The commutative property of addition involves switching two terms that are separated by an addition symbol. For example, the expression 2a + c is the equivalent of c + 2a. Notice the commutative property is performed to switch the order of the expressions. This proves to be useful when attempting to combine like terms in the following expression: 2a + c + 3a. Using the commutative property, the algebraic expression can be written as c + 2a + 3a so that the like terms are paired together if you wish to combine them (c + 5a).
The commutative property of multiplication involves switching two terms that are separated by a multiplication symbol. For example, the expression 5 * 6 is the equivalent of 6 * 5. Notice the commutative property is performed to switch the order of the expressions. This property is useful when deciding how much of a particular object to use to cover a shape (e.g., rectangle). For example, if you plan to rotate the original layout plan for a garden by switching the length with the width, you may do so without requiring more fertilizer to cover the area. The product or total area has not changed when the dimensions are switched.
The associative property of addition involves combining two terms that were not originally associated together. For example, the expression (2a + b) + 3a is the equivalent of (2a + 3a) + b. Notice the associative property is often performed to combine like terms. The terms 2a and 3a can be combined to form an equivalent expression, 5a.

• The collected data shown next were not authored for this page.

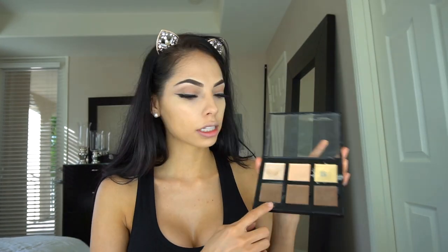To contour I'm gonna use this color in the Anastasia contour kit with this brush, and I'm gonna use the Morphe G41 for my nose. I'm using MAC bronzer to bronze my cheekbones a little bit more. Now I'm gonna use some blush — Seen to be Seen by MAC — with a MAC 123 brush.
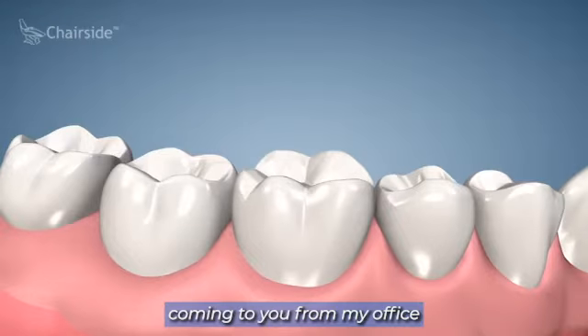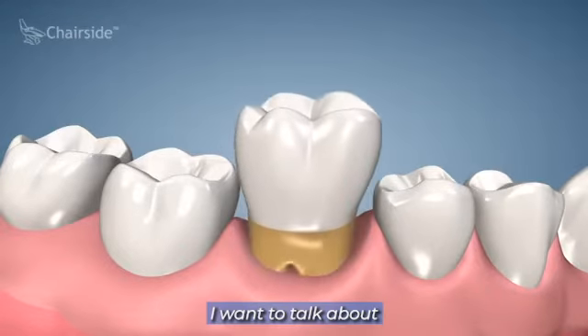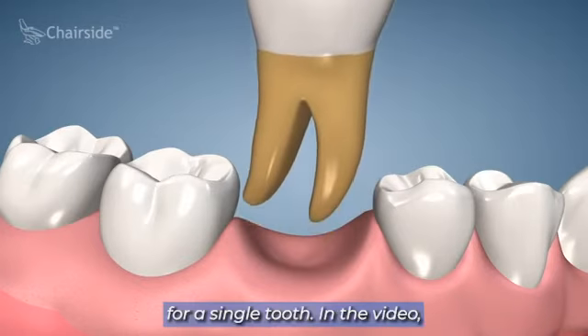This is Dr. Jason Dulac coming to you from my office in Springfield, Virginia. Today I wanted to talk about implant replacement for a single tooth.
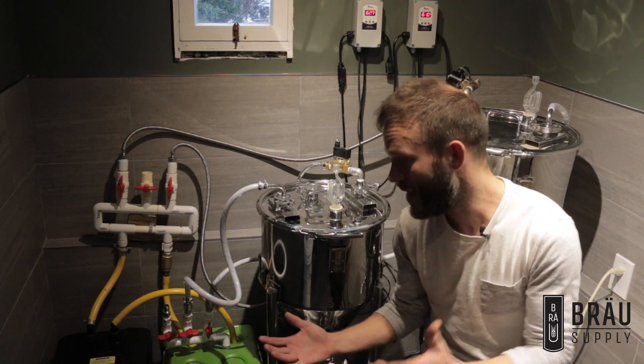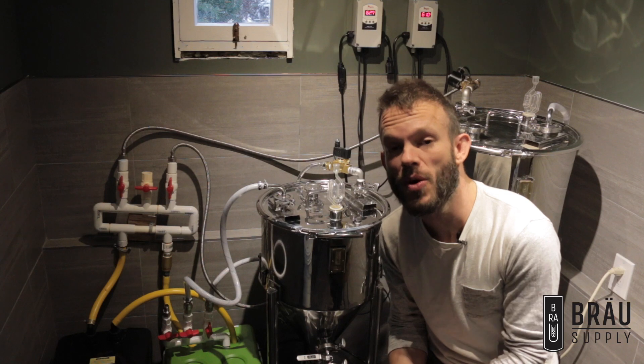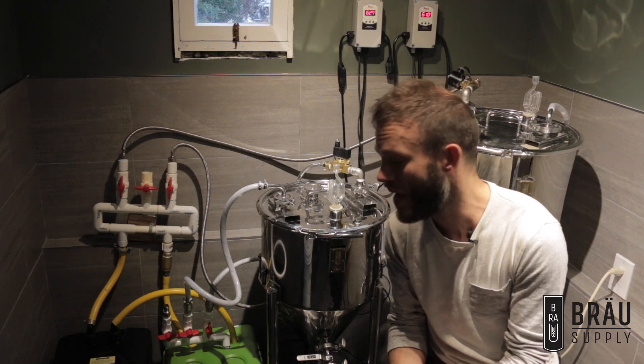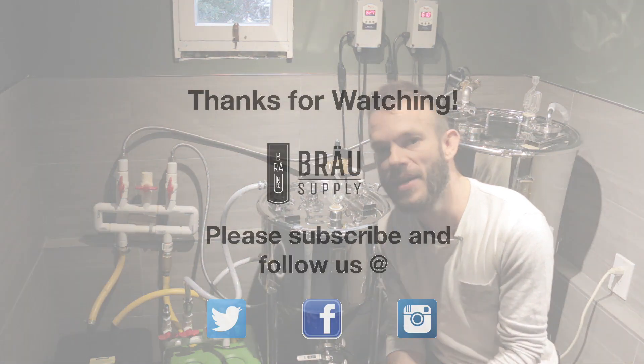So that's how I manage fermentation temperature in my brewing room — I love it! If you'd like to share what you do, you can follow us on social media: Twitter, Instagram, and Facebook. Thanks for watching. My name is Steven and this is Brow Supply.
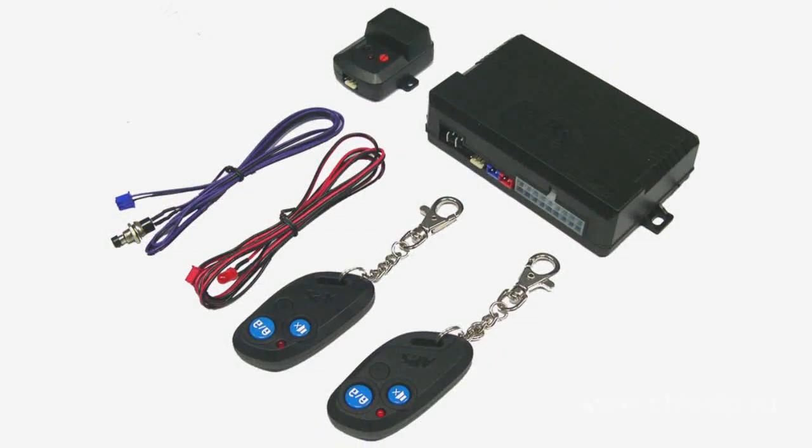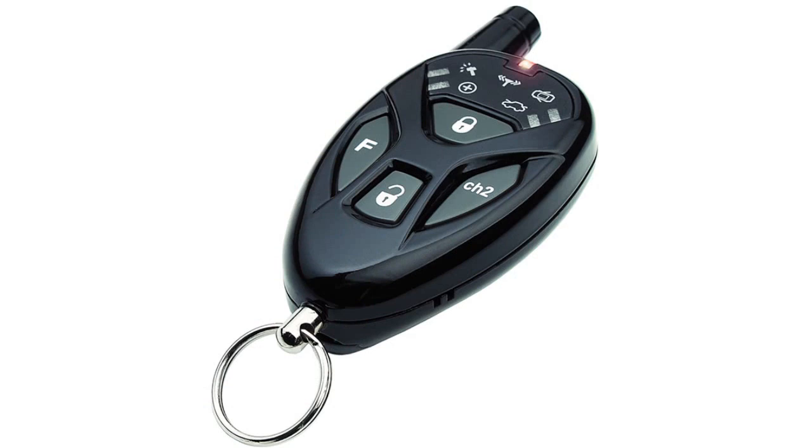Almost each and every car owner installs a reliable car alarm system. This vigilant guardian will alarm you of any attempt to steal or damage your car. When you leave your car at the parking, you activate the alarm system using a remote control. Each car alarm system package includes such a remote control, or you may call it an electronic car lock switch.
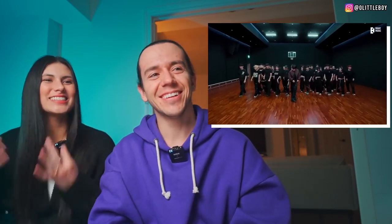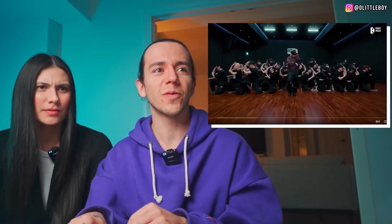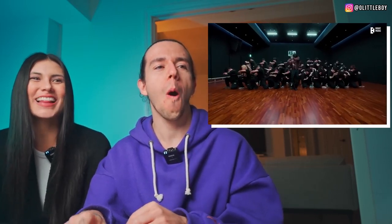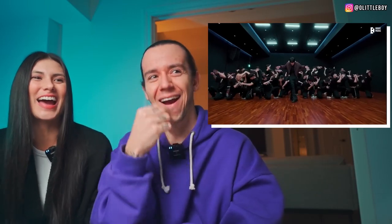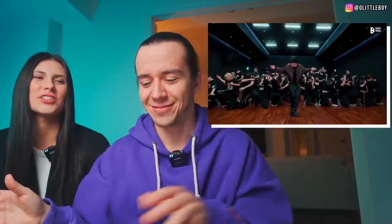It's so crazy how the subtle arm movements can, in a group, look so effective. Like it's just so on point — everyone's together. I like the reveal of the level in the back. And I like that he's literally grooving on a whole different level while they're all killing it in the back — that contrast.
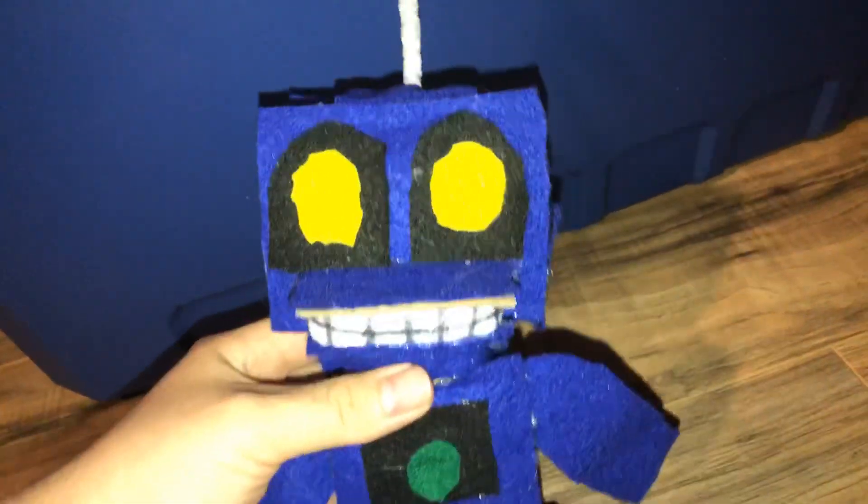Hey guys, CrazyFuntimeTaz here. Today I'm going to review a custom plush that I made, and it is Mendoendo from FNAF World.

The associative property of multiplication involves multiplying two terms that were not originally associated together. For example, the expression (2 * 324) * 2 is the equivalent of (2 * 2) * 324. Notice the associative property is often performed to lessen the use of mental strain when multiplying various quantities using mental math. For example, it is easier to multiply 2 * 2 first, then multiply that product by the large quantity, rather than have to multiply a large quantity twice when a calculator is unavailable.